Perv, une histoire d’amour, de Jerry Stahl
Nous sommes en 1970, Bobby Stark à 15 ans et est interne dans une école privée. Tout bascule le jour où il perd son pucelage, en même temps que deux camarades, avec la très accueillante Sharon et que le père de cette dernière, un coiffeur manchot, débarque pendant que les trois gamins libidineux sont à la recherche de la capote que Bobby a perdu DANS Sharon.

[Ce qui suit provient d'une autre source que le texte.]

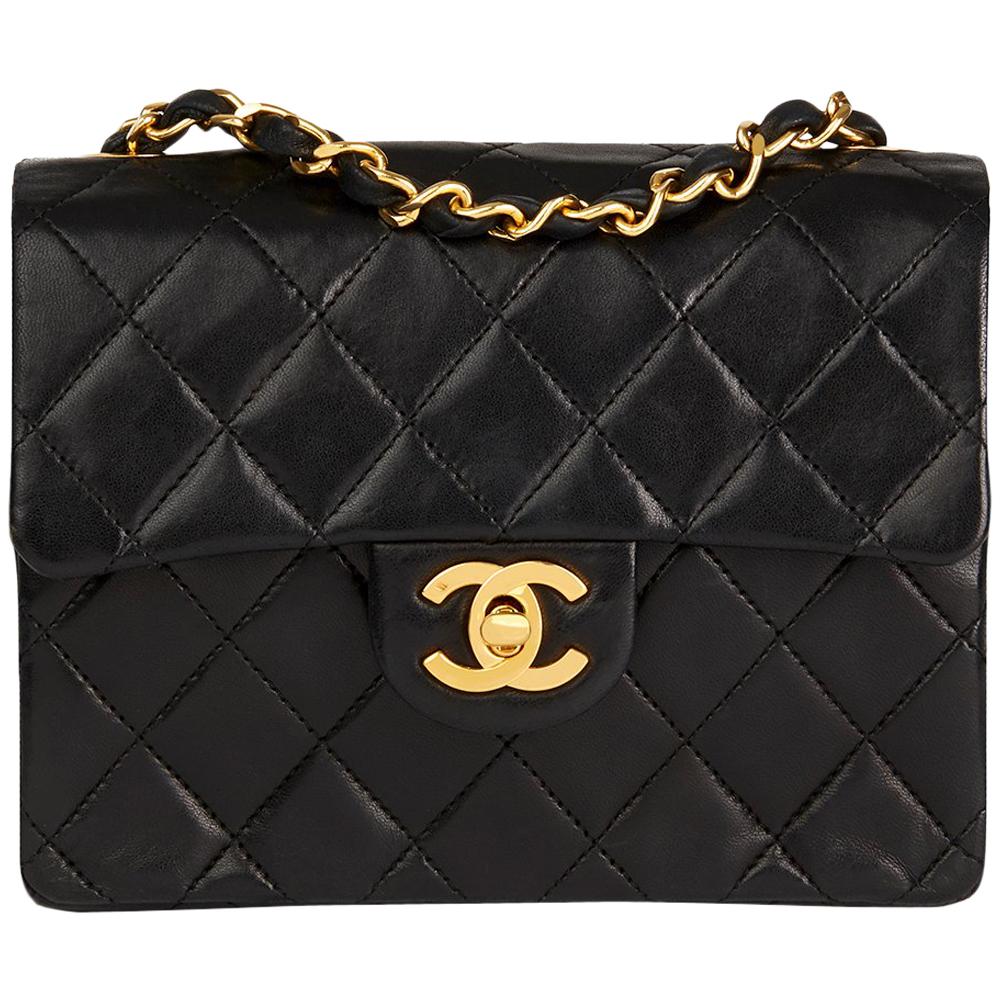 1986 Chanel Black Quilted Lambskin Vintage Mini Flap Bag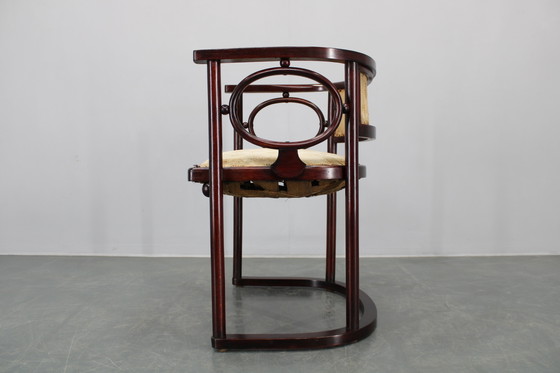 Image 1 of Josef Hoffmann Variatie van Art Nouveau "Fledermaus" Fauteuil door Fischel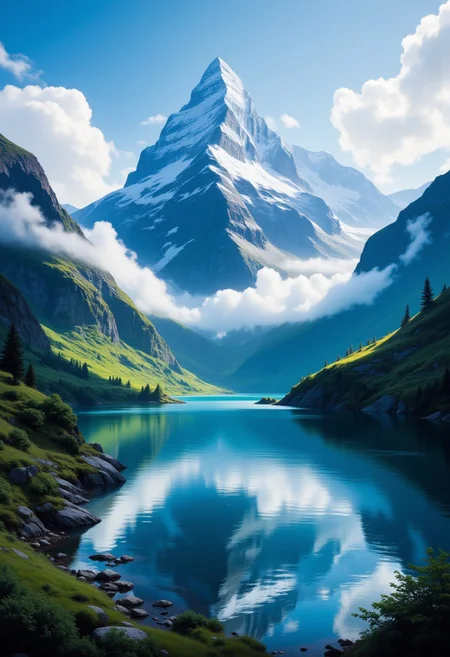 Uma montanha imponente refletida em um lago sereno, com nuvens escuras ao fundo, representando momentos de desânimo que são superados pela força da natureza, ultra detail, RAW photo, detail surface, 16K, best quality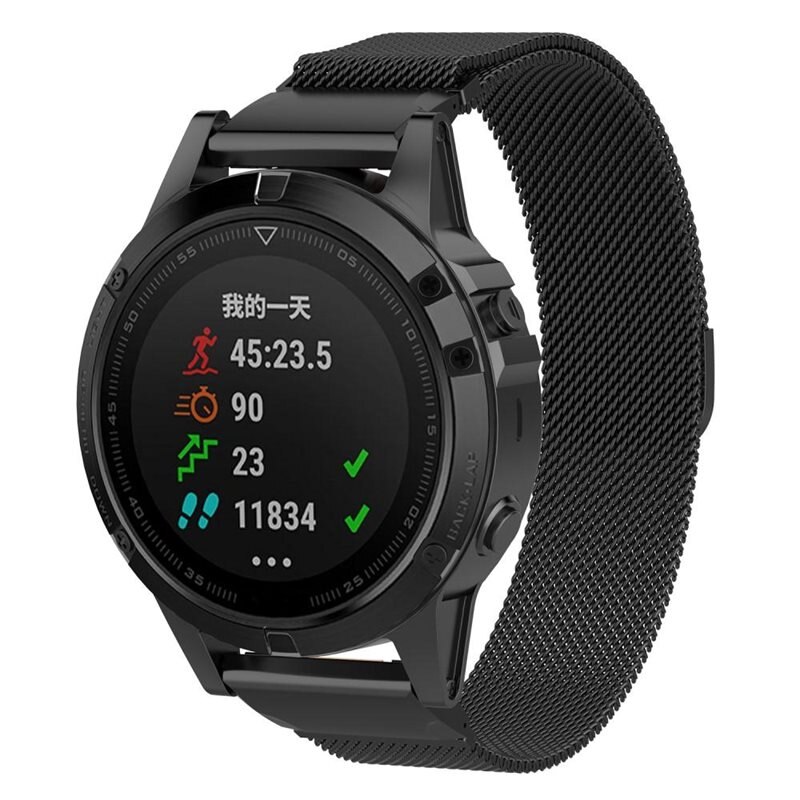 Bracelet milanais pour Garmin Instinct 2, Noir - Bracelet de luxe avec fermeture magnétique - Acier inoxydable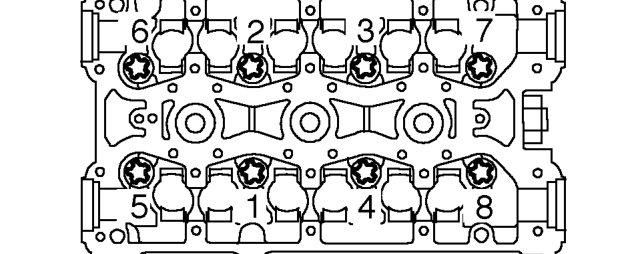 Carefully enter cylinder head bolts, DO NOT DROP. Screw bolts into place by hand.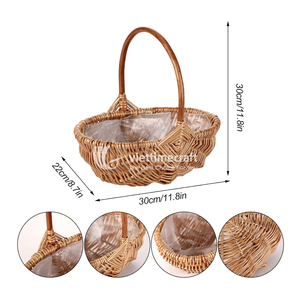 Panier à fleurs en osier, panier de jardin en saule tressé avec doublure en plastique et poignée, bac de rangement durable pour fruits et légumes - Product Image 3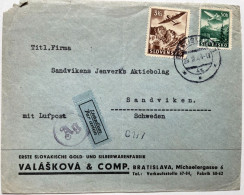 Slovakia 1944 Commercial Censored Airmail Cover Bratislava 29.3.1944 To Sandviken Sweden - Covers & Documents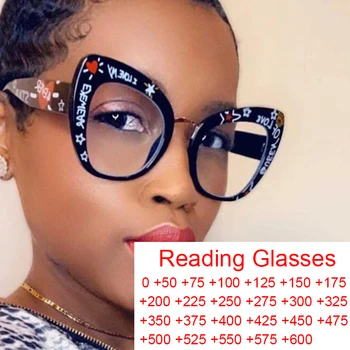 Unique Letter Cat Eye Reading Glasses Дамски оптични извънгабаритни очила Anti Blue Light Distance Vision Очила Лупа +2 +3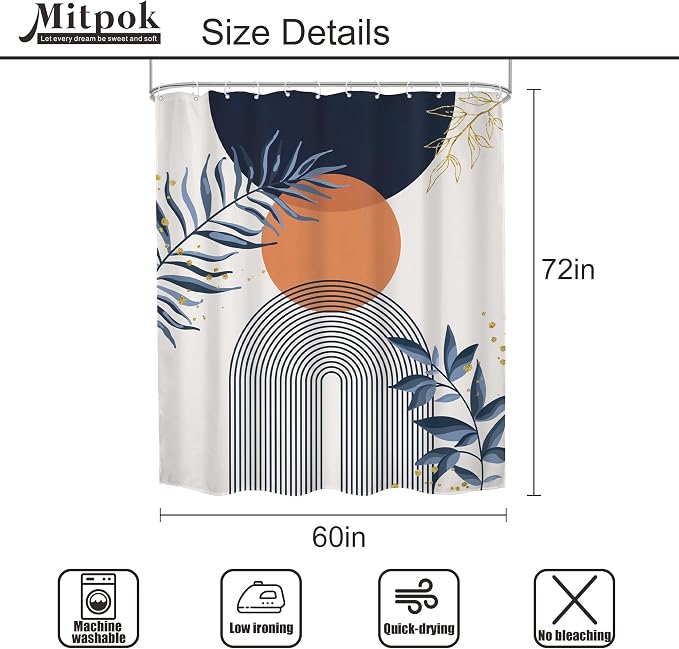 Navy Blue Boho Shower Curtain 60Wx72H Modern Abstract Bohemian Blue Gold Leaves Orange Minimalist Mid Century Plant Arch Bathroom Decor Neutral Geometric Bath Curtain Polyester 12 Pack Hooks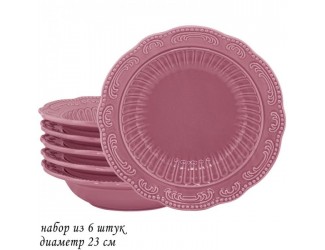 Набор тарелок глубоких 6шт 23см Lenardi Бавария розовый 110473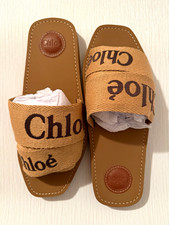 Chloé Dark Tan Woody Logo Canvas Slides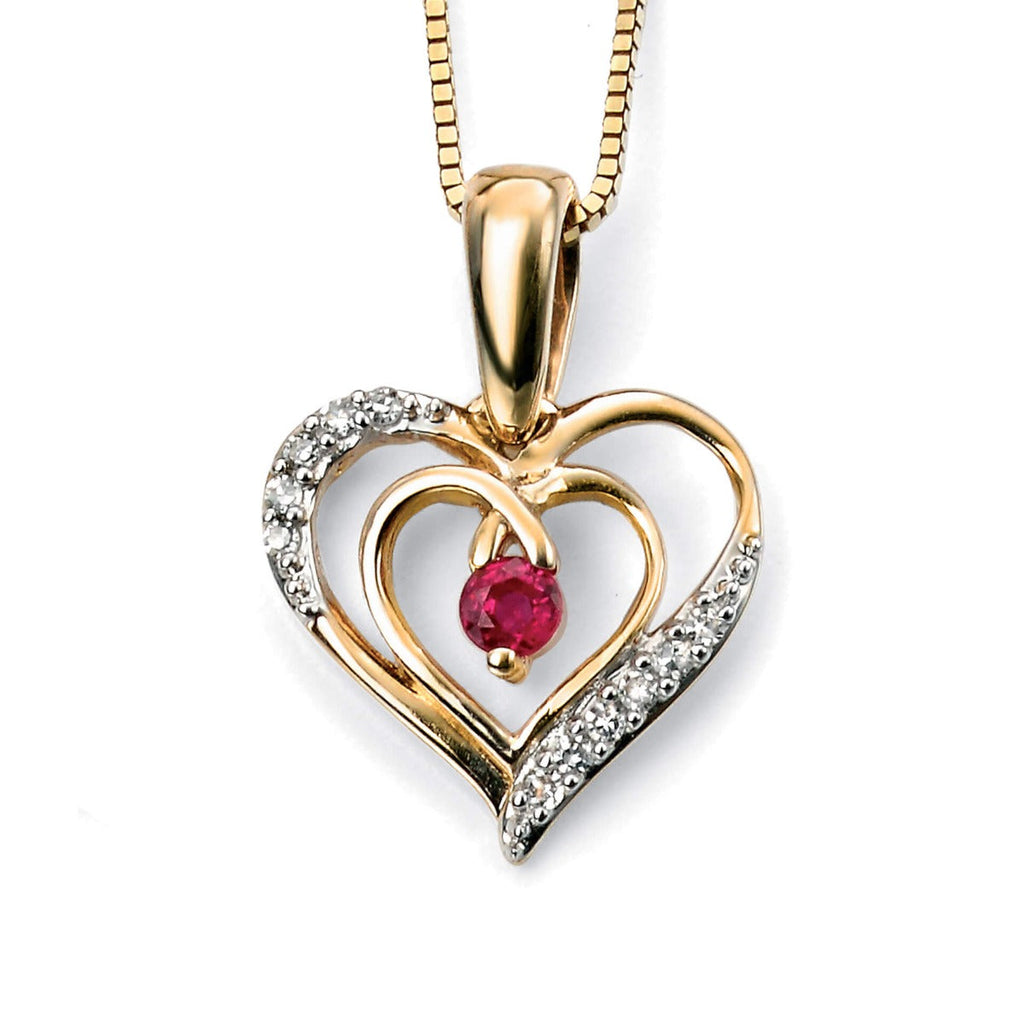 Elements Gold Open Heart Pendant with Ruby and Diamond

À partir de ce moment, rien ne sera plus jamais pareil. Renvoyé de son école, Bobby, orphelin de père, doit rejoindre sa mère maniaco-dépressive à Pittsburgh. Une épreuve qu’il ne pourra pas supporter bien longtemps. La rencontre fortuite de Michelle, pour laquelle il avait le béguin depuis la maternelle, va entraîner Bobby à fuguer pour prendre la route direction Haight Ashbury, en stop. Mais le rêve hippie est déjà déclinant et l’on ne sait jamais si l’on va tomber sur les Merry Pranksters ou sur Charles Manson.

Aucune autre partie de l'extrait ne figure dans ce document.